Well... An app is never going to replace a cablecard.

1. First, you can't record from an app -- they only allow live streaming.* Now, TiVo has already come up with a way to deal with this, partly, that works with some of the existing apps (Netflix, Hulu, and Amazon, at least): You can create a OnePass that includes streaming, and links to the streams appear alongside recordings in the Now Playing List, or whatever it's called these days. This is some kind of mix of elegant and kludgy that I won't elaborate on now, but let's give them credit for this one.

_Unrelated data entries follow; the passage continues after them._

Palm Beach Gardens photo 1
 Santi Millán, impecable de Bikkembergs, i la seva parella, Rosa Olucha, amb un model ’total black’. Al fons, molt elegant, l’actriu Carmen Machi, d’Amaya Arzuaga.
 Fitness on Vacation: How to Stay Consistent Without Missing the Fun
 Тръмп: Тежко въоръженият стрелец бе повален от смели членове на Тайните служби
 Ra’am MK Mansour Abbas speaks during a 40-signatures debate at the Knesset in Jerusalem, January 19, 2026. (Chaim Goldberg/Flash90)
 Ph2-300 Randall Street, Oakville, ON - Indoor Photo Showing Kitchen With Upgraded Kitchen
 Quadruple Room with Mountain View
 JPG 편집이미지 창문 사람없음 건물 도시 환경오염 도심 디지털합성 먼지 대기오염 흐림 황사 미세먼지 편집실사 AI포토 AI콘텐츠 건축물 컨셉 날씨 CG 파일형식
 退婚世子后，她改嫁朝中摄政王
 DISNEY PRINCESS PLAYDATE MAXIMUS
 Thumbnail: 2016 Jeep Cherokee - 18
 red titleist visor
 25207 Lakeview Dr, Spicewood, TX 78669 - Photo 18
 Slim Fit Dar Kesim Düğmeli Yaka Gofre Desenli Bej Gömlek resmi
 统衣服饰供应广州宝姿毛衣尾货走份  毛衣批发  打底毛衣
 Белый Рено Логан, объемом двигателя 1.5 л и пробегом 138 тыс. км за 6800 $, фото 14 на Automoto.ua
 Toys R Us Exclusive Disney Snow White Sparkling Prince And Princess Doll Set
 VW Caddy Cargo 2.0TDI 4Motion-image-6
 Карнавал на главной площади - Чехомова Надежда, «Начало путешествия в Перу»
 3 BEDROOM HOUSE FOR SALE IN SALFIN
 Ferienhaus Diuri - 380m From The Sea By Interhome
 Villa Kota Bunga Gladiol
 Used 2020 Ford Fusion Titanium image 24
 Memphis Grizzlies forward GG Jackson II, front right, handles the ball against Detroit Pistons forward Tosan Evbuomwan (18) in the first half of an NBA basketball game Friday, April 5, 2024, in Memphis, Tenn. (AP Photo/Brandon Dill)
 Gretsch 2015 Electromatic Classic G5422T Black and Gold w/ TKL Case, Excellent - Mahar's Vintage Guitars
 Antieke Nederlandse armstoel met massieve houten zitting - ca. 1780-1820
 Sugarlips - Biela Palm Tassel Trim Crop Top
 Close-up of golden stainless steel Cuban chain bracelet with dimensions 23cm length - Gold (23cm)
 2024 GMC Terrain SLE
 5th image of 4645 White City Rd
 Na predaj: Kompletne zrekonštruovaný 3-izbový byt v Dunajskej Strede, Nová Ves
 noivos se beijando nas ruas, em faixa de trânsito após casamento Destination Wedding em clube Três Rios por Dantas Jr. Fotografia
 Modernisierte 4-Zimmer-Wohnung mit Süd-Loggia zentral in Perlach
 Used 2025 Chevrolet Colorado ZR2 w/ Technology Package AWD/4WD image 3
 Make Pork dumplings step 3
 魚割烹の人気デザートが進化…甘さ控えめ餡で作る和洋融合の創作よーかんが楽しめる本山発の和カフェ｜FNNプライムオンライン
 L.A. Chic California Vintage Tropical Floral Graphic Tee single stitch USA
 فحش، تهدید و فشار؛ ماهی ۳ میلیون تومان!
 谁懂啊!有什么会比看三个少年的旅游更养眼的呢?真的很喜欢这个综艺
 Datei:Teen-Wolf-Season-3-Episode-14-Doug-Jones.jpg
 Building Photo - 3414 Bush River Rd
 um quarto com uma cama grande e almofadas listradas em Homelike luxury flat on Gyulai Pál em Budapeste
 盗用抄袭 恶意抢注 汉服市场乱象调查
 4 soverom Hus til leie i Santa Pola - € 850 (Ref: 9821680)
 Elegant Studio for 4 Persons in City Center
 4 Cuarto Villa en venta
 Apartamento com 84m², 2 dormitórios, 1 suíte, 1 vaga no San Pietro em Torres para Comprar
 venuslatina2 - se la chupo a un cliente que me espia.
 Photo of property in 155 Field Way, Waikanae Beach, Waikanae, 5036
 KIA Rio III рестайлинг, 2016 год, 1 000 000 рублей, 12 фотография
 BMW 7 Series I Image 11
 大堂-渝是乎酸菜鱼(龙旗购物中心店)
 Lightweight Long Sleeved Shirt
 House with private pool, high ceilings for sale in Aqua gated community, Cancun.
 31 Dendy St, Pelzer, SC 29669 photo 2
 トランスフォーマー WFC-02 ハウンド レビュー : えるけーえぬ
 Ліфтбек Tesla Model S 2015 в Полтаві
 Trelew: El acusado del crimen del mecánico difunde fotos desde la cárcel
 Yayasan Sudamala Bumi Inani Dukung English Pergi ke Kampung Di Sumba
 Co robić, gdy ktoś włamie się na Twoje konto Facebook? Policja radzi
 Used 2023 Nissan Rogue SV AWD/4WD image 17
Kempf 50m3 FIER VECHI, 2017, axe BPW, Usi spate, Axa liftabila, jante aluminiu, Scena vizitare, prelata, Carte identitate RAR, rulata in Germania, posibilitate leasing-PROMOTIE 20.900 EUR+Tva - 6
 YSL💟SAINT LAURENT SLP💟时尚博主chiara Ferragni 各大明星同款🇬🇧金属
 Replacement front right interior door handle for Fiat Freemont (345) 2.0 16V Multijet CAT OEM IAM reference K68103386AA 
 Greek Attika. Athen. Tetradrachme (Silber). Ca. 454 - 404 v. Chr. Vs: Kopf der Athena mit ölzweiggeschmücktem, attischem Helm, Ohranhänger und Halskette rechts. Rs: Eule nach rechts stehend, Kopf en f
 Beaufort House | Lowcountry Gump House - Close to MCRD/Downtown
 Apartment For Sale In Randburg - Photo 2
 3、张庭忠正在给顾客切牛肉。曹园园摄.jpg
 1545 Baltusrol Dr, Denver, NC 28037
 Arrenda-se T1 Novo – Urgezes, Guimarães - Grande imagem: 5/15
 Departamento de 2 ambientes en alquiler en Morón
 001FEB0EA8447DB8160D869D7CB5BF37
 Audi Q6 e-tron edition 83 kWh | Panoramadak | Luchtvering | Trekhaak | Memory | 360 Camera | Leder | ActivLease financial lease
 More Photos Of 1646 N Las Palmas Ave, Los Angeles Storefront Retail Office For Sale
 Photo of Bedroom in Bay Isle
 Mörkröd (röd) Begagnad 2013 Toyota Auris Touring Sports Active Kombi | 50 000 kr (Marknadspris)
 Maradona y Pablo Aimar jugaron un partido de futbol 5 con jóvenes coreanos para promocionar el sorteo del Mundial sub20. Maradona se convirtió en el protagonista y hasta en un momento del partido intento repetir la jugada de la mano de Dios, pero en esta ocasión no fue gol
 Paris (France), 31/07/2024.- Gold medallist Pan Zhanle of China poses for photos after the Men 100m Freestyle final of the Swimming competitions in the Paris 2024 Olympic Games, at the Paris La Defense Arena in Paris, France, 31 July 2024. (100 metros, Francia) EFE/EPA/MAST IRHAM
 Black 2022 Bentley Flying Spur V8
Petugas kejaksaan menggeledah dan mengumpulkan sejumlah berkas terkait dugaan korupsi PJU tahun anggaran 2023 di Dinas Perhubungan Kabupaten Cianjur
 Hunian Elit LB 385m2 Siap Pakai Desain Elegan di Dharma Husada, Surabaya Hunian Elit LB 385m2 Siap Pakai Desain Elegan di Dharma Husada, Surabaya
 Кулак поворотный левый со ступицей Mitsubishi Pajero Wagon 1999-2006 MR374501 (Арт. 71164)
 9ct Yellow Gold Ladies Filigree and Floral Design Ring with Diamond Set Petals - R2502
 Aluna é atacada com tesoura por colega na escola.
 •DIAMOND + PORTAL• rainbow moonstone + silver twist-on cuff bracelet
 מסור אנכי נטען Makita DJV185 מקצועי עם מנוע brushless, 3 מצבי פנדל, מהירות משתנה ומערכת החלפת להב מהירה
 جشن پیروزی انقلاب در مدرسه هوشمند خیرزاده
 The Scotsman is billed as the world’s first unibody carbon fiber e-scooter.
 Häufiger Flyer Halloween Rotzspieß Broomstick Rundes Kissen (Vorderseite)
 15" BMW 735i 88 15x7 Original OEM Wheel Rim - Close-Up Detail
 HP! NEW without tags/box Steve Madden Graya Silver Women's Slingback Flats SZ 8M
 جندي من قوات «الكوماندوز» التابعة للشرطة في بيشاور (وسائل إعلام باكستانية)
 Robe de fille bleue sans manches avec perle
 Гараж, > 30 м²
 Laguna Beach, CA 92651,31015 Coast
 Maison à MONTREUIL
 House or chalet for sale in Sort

2. Second and more problematically, there's no standard for apps (or rather, there are many standards). If you want the Spectrum app to run on a TiVo, then TiVo Inc. and/or Spectrum have to write a version of the app for the TiVo. This is probably not trivial, and what's worse, TiVo Inc. doesn't make it particularly easy -- they don't provide an open platform for apps, the way Roku, Apple and others do. So they negotiate deals with (a few) providers, vs. the providers just writing the app on their own and submitting it to the relevant app store. You can see which model works better by counting the apps available for each platform... part of that is down to the sheer popularity of the different brands, but part of it is the open vs. closed development processes.

* This isn't inherent to the nature of apps, but it's how everyone's chosen to implement them. This is the only (possible?) exception I know of.


----------



## jrtroo (Feb 4, 2008)

Seems you should be asking Spectrum to write a TiVo app.


----------



## halx (Jul 6, 2018)

That's the problem at Tivo, a lack of Steve Jobs tripping on some primo LSD and saying some outlandish futuristic view for the company. 

What if they just kept the UI / new UI built it was on-top of android? Not very creative thought Apple did it with their OS/UI. However; the upside is application like HULU TV, ROKU, DIRECTV and 1 million more are in reach. Recording challenge could be solved by a HS kid who rips movies off his laptop. Only question is can you make the m-card i/o work on android. Sure googles failed venture with AndroidTV would love to help. 

Tivo call me if you need someone to make that into call, in any case my last Tivo auction end on ebay in two hours. It's been a long strange but good trip, I'll check back in a year.


----------